7. Increase the mixer speed to medium or medium high to get some air into the cream. The mixture will come together like a very thick batter, weirdly jiggly and tacky. Give it a quick taste and adjust seasoning with salt and pepper. Transfer to a container, cover with plastic wrap, and let rest in the fridge, at least 12 hours.
Forming and poaching the quenelles
8. Cover a tray in plastic wrap. Using two large spoons, form 4-ounce footballs of the fish mixture and lay them gently on the tray.
9. While you’re still forming the quenelles, get a large pot of water simmering hot, just under boiling. Salt it with commitment, like you would for pasta. When the quenelles are ready, gently lower them in, only as many as will still give them room to float about. Keep the water at a bubbleless poach, 165⁰F, and poach them for about 6-7 minutes, flipping them occasionally. They will float almost instantly, so you can’t judge their doneness that way. When they’re ready, they will be set, but not stiff— they’ll still be a little jiggly. Remove them with a slotted spoon and drain them on paper towel.

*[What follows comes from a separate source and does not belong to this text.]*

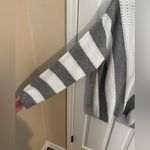 Long Sleeve V Neck Chevron Sweater Gray/White Rib Trim Plus 2X Gray Photo 2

Note: If you’re not serving them for a while, you can cool and chill them from here, but bring them back up to poaching temperature when it’s time to finish.
Finish and serve
10. Preheat oven to 365⁰F and bring the lobster bisque to a simmer. Roll the quenelles in the lobster bisque and place in a gratin dish (or in individual gratin dishes, fitting 2 at a time). Surround the quenelles with the hot bisque, up to maybe ¾ their depth. Bake for 10 minutes, until the quenelles have puffed up and absorbed some of that delicious, delicious bisque, and just started to lightly brown on top.
11. Serve immediately, and, if you believe you only live once, with a dollop of whipped cream.